さまざまなAWDシステムを持つのもスバルの強み。高性能車には高性能車ならではのAWDシステムが用意される。写真はWRX S4

VTD-AWDは高い駆動力にも対応できるセンターデフ式で、前輪のトルク配分率を45%、後輪は55%とした。後輪の駆動力を増やすことで、峠道などをスポーティに走っても旋回軌跡を拡大させにくい。カーブを曲がる時も、ステアリングの操作に応じて確実に回り込む。雪道のような滑りやすい場所では、アクセル操作によって車両の挙動をコントロールしやすい。

電子制御式油圧多板クラッチを使うLSDも装着した。滑りやすい場所では、LSDがセンターデフの差動を制限して前後の駆動系を直結状態に近づけるなど、前後輪の駆動力配分を綿密に行って最適な走行性能を確保する。高出力にも対応して駆動力の伝達効率が優れ、運転の楽しさも味わえるから、WRX・S4やレヴォーグの大切な特徴になった。

そしてスポーツAWDとして究極的に高い性能を発揮するのが、マルチモードDCCD(ドライバーズコントロールセンターデフ)式AWDだ。このシステムは高性能車のために開発され、6速MT専用のAWDになる。

これはWRX STIのみが搭載している。

世界的に超激戦区である2Lターボスポーツ市場のなかでも抜きんでた存在感を持つWRX STI。その根幹を支えているのがスバルのAWD技術

マルチモードDCCD式AWDの基本メカニズムは、WRX S4などが搭載するVTD-AWDと同様のセンターデフ式だ。トルク配分率は前輪が41%、後輪が59%とされ、VTD-AWDに比べると後輪の駆動力配分をさらに増やした。アクセル操作による車両挙動のコントロール性も一層向上している。

そして最も特徴的な機能が、DCCD、つまりドライバーがセンターデフの差動制限力を積極的にコントロールできることだ。

マニュアルモードを使うと、電子制御式油圧多板クラッチによるLSDの差動制限力が、フリー(差動制限をほとんどしない状態)からロック(前後の駆動系を直結に近付けた状態)まで、6段階に調節できる。フリーの状態では車両の向きを変えやすく、後輪に59%の駆動力が配分されるから、アクセル操作次第では高出力を生かして後輪を横滑りさせながらカーブを小さく回り込める。

逆にロックでは駆動力の伝達効率が高まり、悪路も安定して走破できる。ドライバーが路面の状態や走行パターンに応じて、センターデフの差動制限力を自由に選べる。

このほか車両側の判断で走行状態に応じた最適な差動制限を行うオートモード、差動制限力を弱めたフリーに近いオートマイナスモード、差動制限力を強めてロックに近づけたオートプラスモードも設定した。

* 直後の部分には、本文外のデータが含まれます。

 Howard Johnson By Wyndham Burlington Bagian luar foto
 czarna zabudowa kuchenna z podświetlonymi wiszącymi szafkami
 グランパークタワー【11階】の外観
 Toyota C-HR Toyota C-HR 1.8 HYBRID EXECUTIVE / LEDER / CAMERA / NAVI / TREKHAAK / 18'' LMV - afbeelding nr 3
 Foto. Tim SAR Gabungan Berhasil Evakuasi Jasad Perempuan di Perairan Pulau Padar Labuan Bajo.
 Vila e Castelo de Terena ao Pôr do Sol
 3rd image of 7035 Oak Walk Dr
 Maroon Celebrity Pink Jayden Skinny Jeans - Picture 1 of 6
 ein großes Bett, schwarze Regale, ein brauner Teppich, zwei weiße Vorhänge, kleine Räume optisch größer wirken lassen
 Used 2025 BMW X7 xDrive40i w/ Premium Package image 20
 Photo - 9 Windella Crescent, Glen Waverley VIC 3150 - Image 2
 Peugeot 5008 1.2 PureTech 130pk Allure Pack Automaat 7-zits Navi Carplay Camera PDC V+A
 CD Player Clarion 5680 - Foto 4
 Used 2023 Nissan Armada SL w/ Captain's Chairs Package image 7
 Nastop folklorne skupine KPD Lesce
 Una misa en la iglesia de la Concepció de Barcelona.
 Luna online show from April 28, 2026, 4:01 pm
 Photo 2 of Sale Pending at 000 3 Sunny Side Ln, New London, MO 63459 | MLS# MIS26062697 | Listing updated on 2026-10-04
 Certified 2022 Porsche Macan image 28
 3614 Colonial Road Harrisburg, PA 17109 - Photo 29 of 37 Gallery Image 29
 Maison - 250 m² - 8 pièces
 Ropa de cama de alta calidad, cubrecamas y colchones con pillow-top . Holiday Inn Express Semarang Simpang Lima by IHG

マルチモードDCCD式AWDを搭載するWRX・STIは、モータースポーツのベース車として積極的に使われ、高強度鋳造ピストン、強化エンジンマウント、大型インタークーラーなども備える。いわば実戦向けのスポーツモデルで、マルチモードDCCD式AWDも、過酷な用途に対応できる高性能と耐久性を秘めている。